Photo by Zach Smith, used with permission.
Photo by Zach Smith, used with permission.

Grammy-nominated New Orleans funk-mashers Cha Wa are back with a new single and video: “My People” out today.

Check it out right here:

"The message I am trying to send with the ‘My People’ music video is based on ancestral recall,” singer Aurelien Barnes explains. “This is a phenomenon where people consciously or subconsciously draw on the experiences and lives of their ancestors to perpetuate a certain lifestyle or culture. I am also trying to give the viewer an idea of the different spirits that dominate New Orleans. These are represented by the various elements of New Orleans culture shown, such as the Skull and Bone Gang, the Mardi Gras Indians, and the brass band.”

Singer Joseph Boudreaux Jr. was born into the tradition; his father, Monk Boudreaux, is the Big Chief of the Golden Eagles, and one of the first musicians to bring the Mardi Gras Indians onto the national stage with the Wild Magnolias, who performed at the very first Jazz Fest back in 1970.

While non-Natives affecting Native American dress has justly come under scrutiny in recent years, the tradition of Mardi Gras Indians, which Boudreaux Jr. is demonstrating in the video, continues. The band took time to explain why.

“In this video, I juxtapose the origin story of the Mardi Gras Indians with the present day representation of our Black and Native American hybrid culture,” says Barnes. “Historically, many Black people who escaped slavery in south Louisiana were taken in, guided to safety, and hidden from slave-catchers by sovereign Native American tribes. From the natives, they acquired new customs, language and dress, and meshed them with African masking traditions. This not only provided immediate freedom from captivity for the people who escaped, but also would eventually provide an avenue for the Black people of New Orleans to feel free on carnival day despite not being allowed to participate in the official Mardi Gras celebrations.”

Brass bands in New Orleans also represent freedom, as they are the centerpiece of second lines.

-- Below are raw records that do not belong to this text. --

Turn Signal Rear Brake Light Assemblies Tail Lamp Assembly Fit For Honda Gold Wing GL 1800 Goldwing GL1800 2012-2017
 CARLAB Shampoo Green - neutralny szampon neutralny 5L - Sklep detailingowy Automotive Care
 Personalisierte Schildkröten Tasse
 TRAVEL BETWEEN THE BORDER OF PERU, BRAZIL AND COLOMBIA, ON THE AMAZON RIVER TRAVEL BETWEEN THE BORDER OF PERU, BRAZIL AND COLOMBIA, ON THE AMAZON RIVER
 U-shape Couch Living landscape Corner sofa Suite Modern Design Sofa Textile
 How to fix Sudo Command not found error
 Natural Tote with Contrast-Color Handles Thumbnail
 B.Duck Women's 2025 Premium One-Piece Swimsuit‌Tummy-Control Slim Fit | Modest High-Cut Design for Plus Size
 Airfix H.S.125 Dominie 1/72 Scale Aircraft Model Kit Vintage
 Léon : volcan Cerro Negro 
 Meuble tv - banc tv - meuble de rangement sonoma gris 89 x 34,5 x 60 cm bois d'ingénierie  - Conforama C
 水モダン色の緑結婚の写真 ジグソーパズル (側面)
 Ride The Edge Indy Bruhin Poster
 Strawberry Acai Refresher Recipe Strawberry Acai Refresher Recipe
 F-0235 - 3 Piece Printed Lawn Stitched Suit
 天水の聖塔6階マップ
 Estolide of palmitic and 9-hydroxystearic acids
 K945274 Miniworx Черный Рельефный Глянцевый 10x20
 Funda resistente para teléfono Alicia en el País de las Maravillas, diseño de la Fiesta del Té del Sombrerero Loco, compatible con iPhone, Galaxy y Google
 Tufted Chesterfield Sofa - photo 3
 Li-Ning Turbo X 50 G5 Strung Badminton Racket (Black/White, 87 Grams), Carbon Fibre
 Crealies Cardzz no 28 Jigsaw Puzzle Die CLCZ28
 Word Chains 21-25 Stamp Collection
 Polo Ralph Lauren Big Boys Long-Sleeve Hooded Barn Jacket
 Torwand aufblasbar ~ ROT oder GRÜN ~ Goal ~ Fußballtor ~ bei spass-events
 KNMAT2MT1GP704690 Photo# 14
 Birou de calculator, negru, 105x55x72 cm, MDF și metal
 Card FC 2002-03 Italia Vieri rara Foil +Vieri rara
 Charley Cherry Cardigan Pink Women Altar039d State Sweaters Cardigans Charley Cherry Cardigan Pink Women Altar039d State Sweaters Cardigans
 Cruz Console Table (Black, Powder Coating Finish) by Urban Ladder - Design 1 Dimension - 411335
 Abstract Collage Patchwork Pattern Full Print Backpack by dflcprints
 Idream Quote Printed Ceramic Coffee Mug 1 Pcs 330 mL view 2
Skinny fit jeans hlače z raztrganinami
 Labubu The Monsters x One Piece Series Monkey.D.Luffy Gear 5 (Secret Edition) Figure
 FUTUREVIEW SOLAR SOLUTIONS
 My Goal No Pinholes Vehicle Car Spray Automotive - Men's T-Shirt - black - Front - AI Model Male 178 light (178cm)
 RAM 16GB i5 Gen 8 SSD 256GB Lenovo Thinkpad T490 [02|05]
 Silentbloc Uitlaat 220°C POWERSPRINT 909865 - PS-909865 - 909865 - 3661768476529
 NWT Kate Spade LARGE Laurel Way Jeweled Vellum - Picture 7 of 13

Second lines are long parades that involve high energy dancing and music, free of cost to anyone who wants to show up. They happen every Sunday, and for many people, no matter how terrible their week might have been, second lines provide a space where they can dance, rejoice in the music, forget about their troubles for a little bit, and feel free. This is a tradition that dates back to the days of the drum circles at Congo Square where, only in New Orleans, Black enslaved people were allowed to play drums, sing, and dance however they wanted.”

“My People” is the title track from the band’s new album, out on Single Lock Records.